本

『考える障害者』

ホンとの本

『考える障害者』
ホーキング青山
新潮新書
\720+
2017.12.

 障害者であるのに、などということが一般に言われそうだが、基本的にそんなふうな言い方を私はしない。すでに立っているところが、障害者を他人あるいは別世界のグループとして捉えているような言い方が出てくる場所にいないと思っているからだ。しかし、そんな私も、社会生活の中で不自由を味わっているわけではないので、障害者その人から見れば、偽善者のように見えても仕方がないとは思っている。
 著者は、障害者としての芸人である。近年、とくに私は「バリバラ」の貢献が大きいとは思うが、障害者の本音というか、その立場からの発言が社会に発信され、また比較的認知されるようになってきたように見える。SNSという情報発信の手段が、そうした声を表に出すのに役立っていることは否めない。しかし、多数であるいわゆる健常者もそれに対してなんらかの見解をもち、表してくるのは確かであり、いざ何かトラブルや議論が起こると、意見の相違がぶつかることはある。
 乙武洋匡氏の言動が話題になることもあったし、バニラ・エアへの搭乗を捲るトラブルは大きく報道され、社会をいくらか動かした。しかし小さな「事件」は日常の中に多数ある。そこへきて、あの「やまゆり園事件」は世間を震撼させた。その思想性や社会に潜む差別感などを露わにしたのではないかという意見も聞かれた。新聞報道からしても、一大事なのであった。

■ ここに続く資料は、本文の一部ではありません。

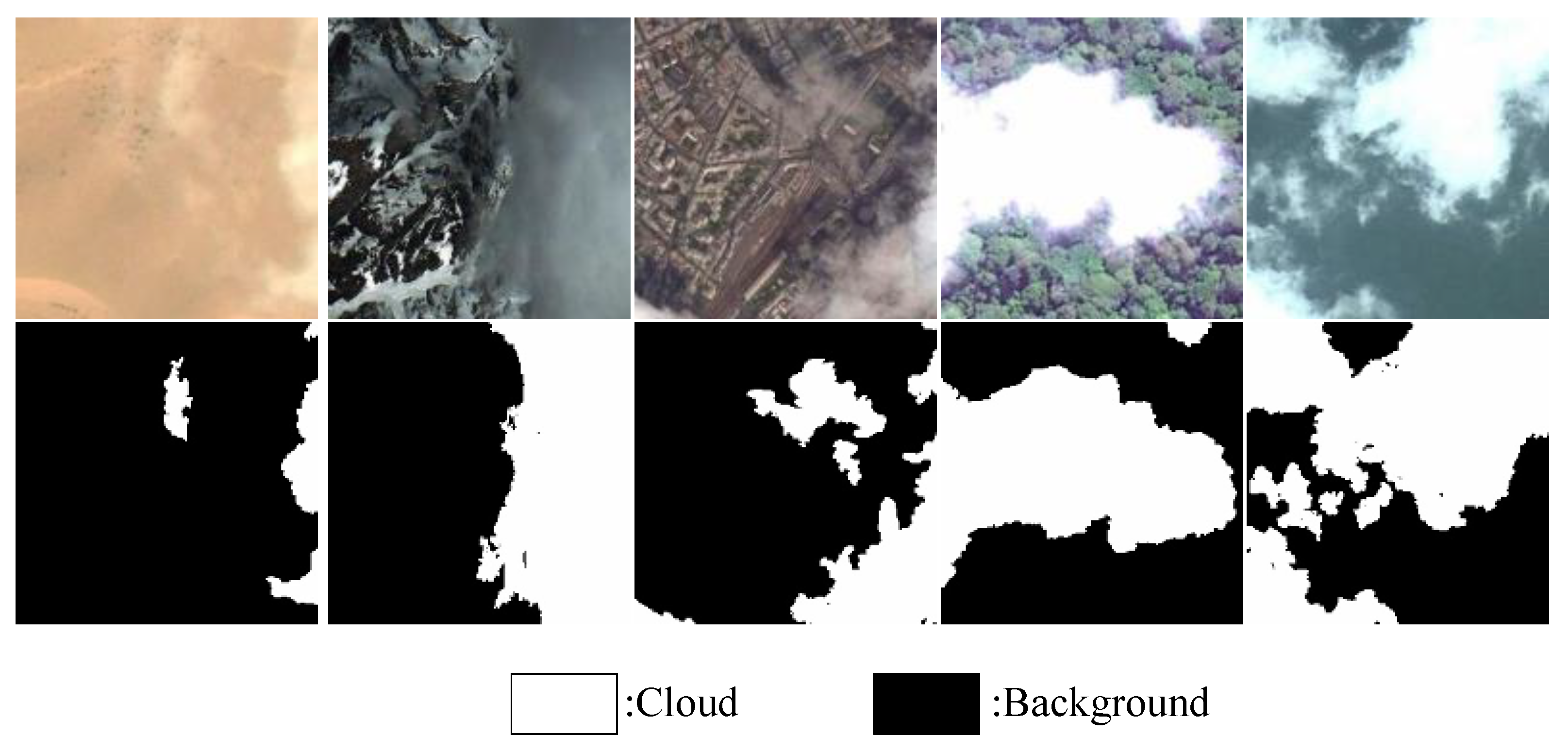 Remotesensing 15 04853 g008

当然であろう。
 こうした空気の中で、著者は、そもそもずいぶんと前から、こうした考えについて見解を述べていたわけでもあり、またそれをネタにしてプロの芸人として今日まで歩んできたわけでもあるため、ここへきてもやもやとした空気に、筋の通った意見を、楔として打ち込めるかどうか、というあたりで、動いたのが本書であろうと思われる。新書であるため、人の手に取りやすいし、著者の考えを一定のまとまりの中で貫くことができる。企画としても良かったと思われる。
 一冊の中であらゆる障害者と社会の問題をこめるのは難しいわけだが、むしろ研究的に貫くのではないから、聞きやすい。著者にしても、これでケリをつけたいという思惑で吠えているのではないのだ。それでも、24時間テレビの問題は障害者の目から見てどうだということが、必ずしも決まるものではなく、しかしなお、それが善いだけのもので終わることではないこともきちんと指摘する。すべてが善しと決まることは到底ないはずである。その中で、安易にこれで善しとされるようなことへ、そうではない見方があるはずだという点、またすいすい社会が動いてはいるが、実は見落としていたり、気づこうともしていなかったりするものを明らかにしたいという気概も感じられる。
 著者自身、これが結論だという考えはもっていない。では、結論のない意見は無意味なのか。そんなことはないだろう。本書は、新聞書評など各方面で注目されている。本書は緻密に論じられたものではなく、感情でも書かれている。しかし、ただの思いつきではない。半生を懸けて伝えようとするものがこめられている。これは、失礼な言い方かもしれないが、「叩き台」にするだけの価値のある声であると思う。障害者も健常者も、その境界で生まれたこの声をまず聞き、そこから何が問題で、どの方向に歩いていくとよいのか、また現に起こった事態をどう理解していくとよいのか、共に考えていくことが望ましいと思うのだ。それだけの材料を提供してくれた、この勇気ある発言に敬意を表すると共に、言い放つだけでなく冷静にこの後の成り行きを期待している著者の願いを酌み取り、私たちは、ここから何かを始めなければならないと強く思うのだ。
 その意味でも、「考える」というタイトルは良かった。ここから考え始めることを、誰もがしなければならないという問いかけとして、それが展開していくことになるはずなのだから。